I also have 2000+ hours working for Alabama Public Radio as a student reporter where I learned what it meant to work in a newsroom and with audio storytellling. I have a smattering of knowledge from a wide range of classes. I have many hours teaching and tutoring in my experience box and programming, admin, and research experience.
Largest and most wonderful change of all has getting married last year to the love my life, Meg. One day in November of 2019 I walked across the quad here in Tuscaloosa and my life changed forever.
So, on the journey of change, to completing my loop here, I am going to walk you, the reader of this newsletter through my last class I am teaching as a graduate assistant. It’s a fiction writing class. Today was class number one. An intro class and in it I asked students to create a well on a piece of paper. Like a well where you get water. They had to fill the well with what inspires their writing. How deep does it go? What lurks down there? What fuels their stories?
In the well you can put the places that inspire your writing; the type of people you want to write about; the themes; the categories and subjects; the genres; the writers and creators that have given you a gift—that shock art and entertainment can give a person.

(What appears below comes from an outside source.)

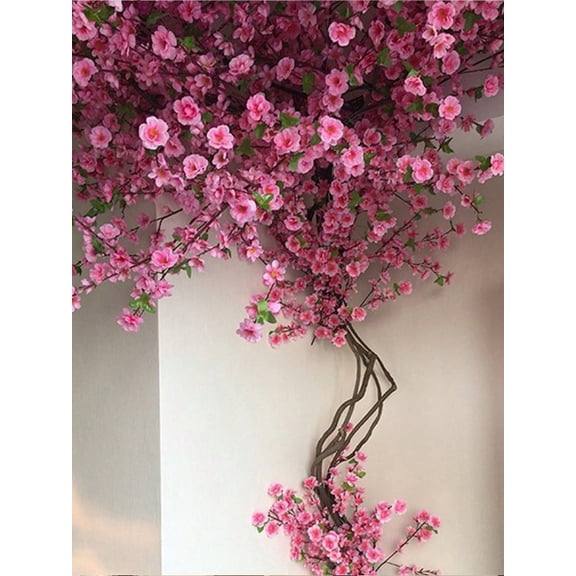 1pc Pink Artificial Peach Blossom Branch Home Wedding Party Landscape DIY Decoration Cherry Blossom Silk Flower Tree Decoration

Have you felt this watching a movie? Reading? Looking at a painting? You feel something after the experience; you feel licked and whirled by it?
In my class I am asking everyone to write 3 stories through the semester. I am going to join them and write at least 3 myself. I’ll print them here. Next time, I’ll share the one short story from before teaching this class, and that I have finished, 2am. In the fiction world, I have written one short story, one novel, and hundreds of ideas throughout my life ever since I decided I wanted to write. I remember the day. I switched my major to English in Fort Collins, bought a Moleskin, and sat outside Eddy Hall on campus and wrote my first entry. I was 20. No one could have stopped me. I had swerved out of the guaranteed life of creating fake limbs for a living, left the world of healthcare and sports science to be someone who wanted to toil with the arts, and the foggy unknowns of the future. I had zero guidance in this matter. Knowing what I know now though, I might of only offered light direction and talked a bit more about money and safety to my twenty-year-old self, but I would have also told that person go, keep at it. I would have said you can have both and you can make it.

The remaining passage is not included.